Some sites use `` for code formatting, while some others that I use have [c][/c] for code, or [b][/b] for bold etc. Then, some other sites like YouTube use things like ** for bold and __ for italics (I think that WhatsApp uses this same convention).
What are these called? Is `` a form of Markdown and [c][/c] is a form of HTML? What is the type used by YouTube and WhatsApp called?
And what, in general, do we call this class of formatting?
The general term for all of these types of languages would be Lightweight Markup Languages, although that term is not actually used much. Generally, "Markup Language" will suffice.
The [b][/b] syntax is most likely BBCode (although there is no [c] that I an aware of; I don't know what that would be).
Many markup languages (including Markdown) make use of backticks (`), underscores (_) and asterisks (*), and that use does not always mean the same thing. For an example of various languages, see this table on Wikipedia.
Note that some of those languages predate Markdown and may have even contributed to Markdown adopting the same behavior. Many others are newer than Markdown and could credit Markdown as their inspiration. That said, many of these markup languages which are "inspired" by Markdown are subtly different in various ways and are not actually Markdown. Slack and WhatsApp are two recent examples. Note that despite their similarity to Markdown, Wikipedia lists each of them as their own separate markup language due to those differences.
Finally, most of these lightweight markup languages are subsets of HTML. That is, they represent the small portion of HTML which is more commonly used in prose and are generally converted to HTML before being displayed. For example, StackOverflow converts Markdown questions, answers and comments to HTML and serves that HTML to your browser for display. HTML (HyperText Markup Language) itself uses angle brackets (<em>italics</em>), but so does XML (Extensible Markup Language) and various other languages. These would not be considered "lightweight."
Related
I'm trying to understand Markdown's relationship to HTML. If I understand correctly both are markup languages (an umbrella term describing languages that add formatting elements to plain-text documents). Markdown converts plain text to HTML.

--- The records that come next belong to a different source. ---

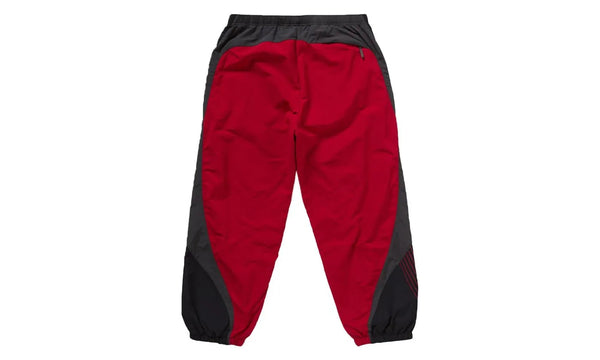 Supreme S Logo Track Pant Black - Kup oryginalne Supreme S Logo Track Pant Black - widok z drugiego boku - Sneakersy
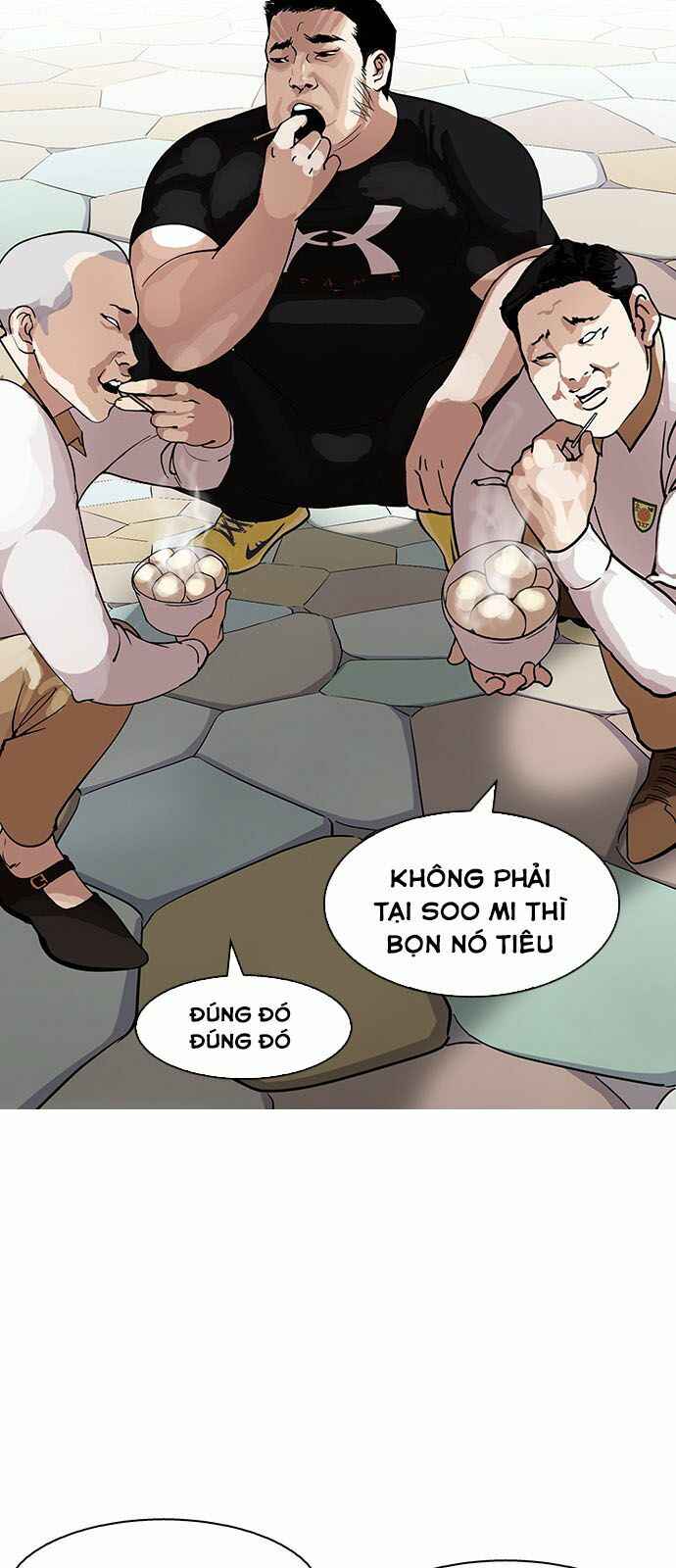 Hoán Đổi Diệu Kì Chapter 143 - Trang 2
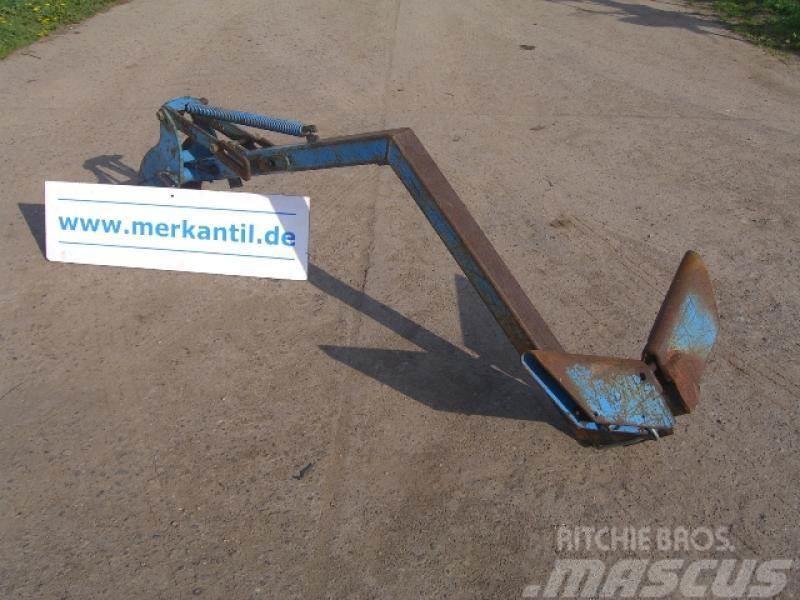 Lemken Packerarm Rodillos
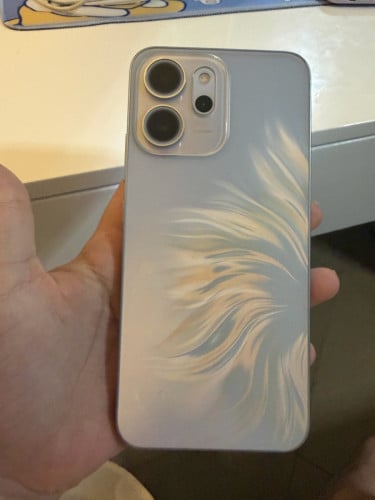Oppo Reno14 F 5G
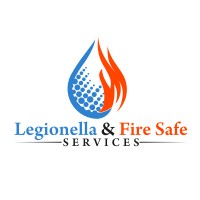 Legionella & Fire Safe Services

My understanding is that Markdown is a superset of HTML:
Markdown is a popular markup language that is a superset of HTML.
I'm assuming that it's a strict or proper superset. Drawing a parallel from What does it mean when one language is a parallel superset of another?, I interpret that to mean that every valid HTML program is also a valid Markdown program (e.g. HTML is understood in a Jupyter Notebook Markdown cell), but that the converse is not true.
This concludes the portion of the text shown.